-------- Recorded data

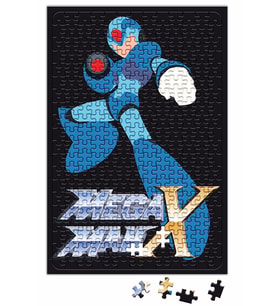 Mega X Puzzle 240 Parça Yapboz
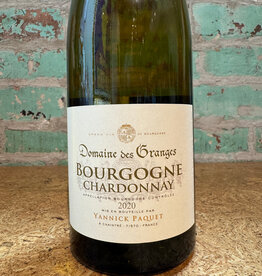 Wines DOMAINE DES GRANGES BOURGOGNE CHARDONNAY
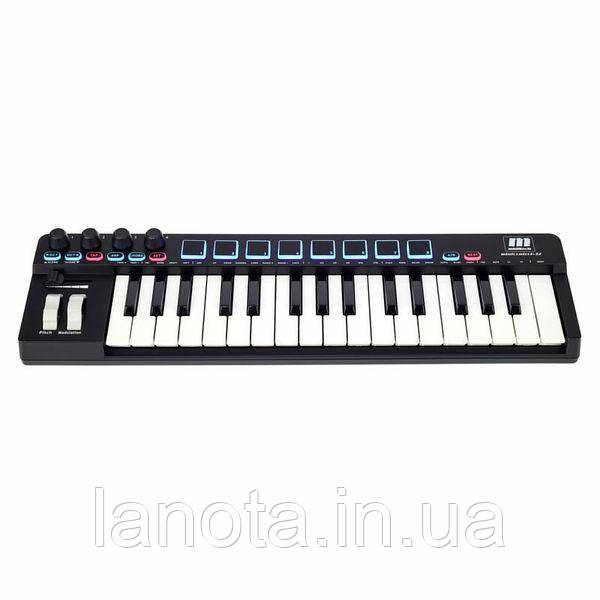 MIDI-клавиатура Miditech Minicontrol-32 - фото 2 - id-p2009017605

----------------

* _Task prompt_:
In the copy you return, include exactly the lines from the one containing "Wines DOMAINE DES" through the final line of the listing, and no pictures.

* _Exercise response_:
 Wines DOMAINE DES GRANGES BOURGOGNE CHARDONNAY
 MIDI-клавиатура Miditech Minicontrol-32 - фото 2 - id-p2009017605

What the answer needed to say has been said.